**What the task asks**
Exclude images; transcribe the rest of the data exactly.

**Data for review**
= = = =
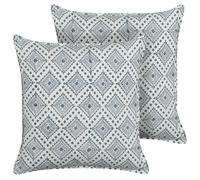 Set of 2 Decorative Cushions CORDATA Cotton 45 x 45 cm Blue Oriental Pattern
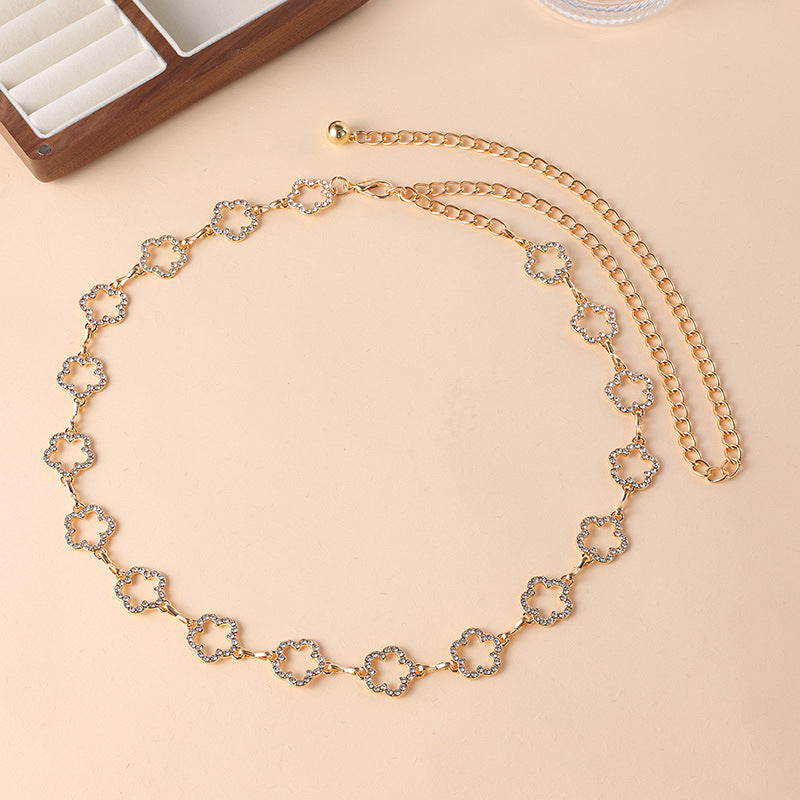 Rhinestone Link Waist Chain Belt - Flower-G - 1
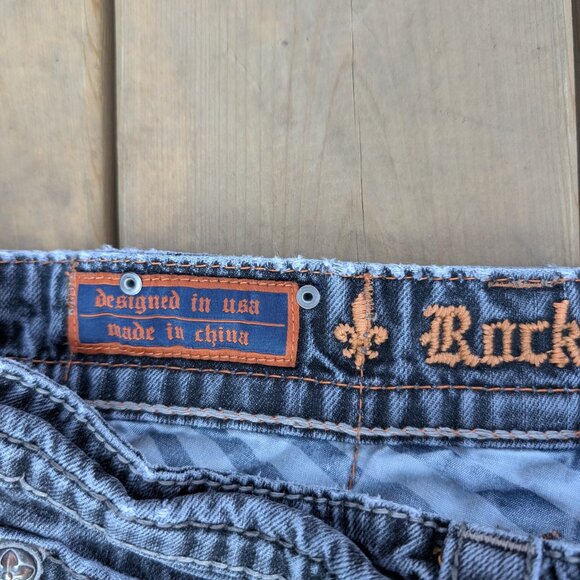 Rock Revival Jeans Men's 36 Blue Denim Dark Wash Faded Distressed Straight Leg - Picture 7 of 14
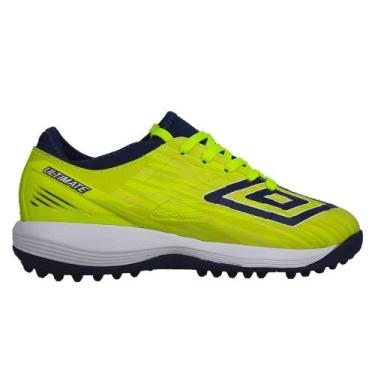 Imagem de Chuteira Society Umbro Ultimate JR Infantil, 36, Limão, Azul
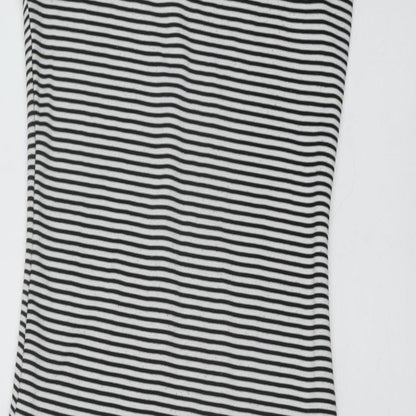 Zara Womens Beige Striped Polyester Bodycon Size S Round Neck Pullover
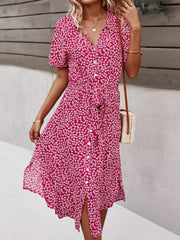 Casual resort style large print streamer dress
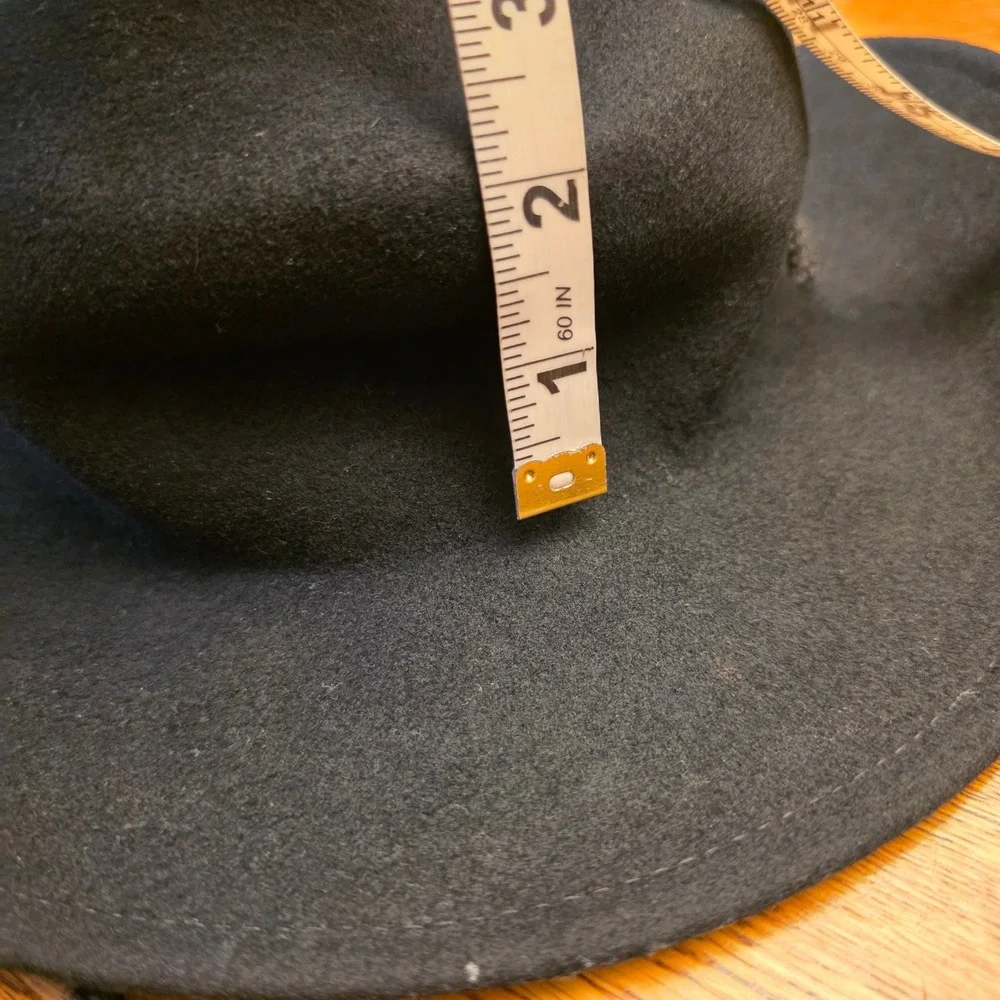 Arlin Vintage‎ Black 100% Wool Wide Brim Felt Hat Chin Strap Sombrero Cowboy USA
= = = =
**Solution to this task**
 Set of 2 Decorative Cushions CORDATA Cotton 45 x 45 cm Blue Oriental Pattern
 Rhinestone Link Waist Chain Belt - Flower-G - 1
 Rock Revival Jeans Men's 36 Blue Denim Dark Wash Faded Distressed Straight Leg - Picture 7 of 14
 Imagem de Chuteira Society Umbro Ultimate JR Infantil, 36, Limão, Azul
 Zara Womens Beige Striped Polyester Bodycon Size S Round Neck Pullover
 Casual resort style large print streamer dress
 Arlin Vintage‎ Black 100% Wool Wide Brim Felt Hat Chin Strap Sombrero Cowboy USA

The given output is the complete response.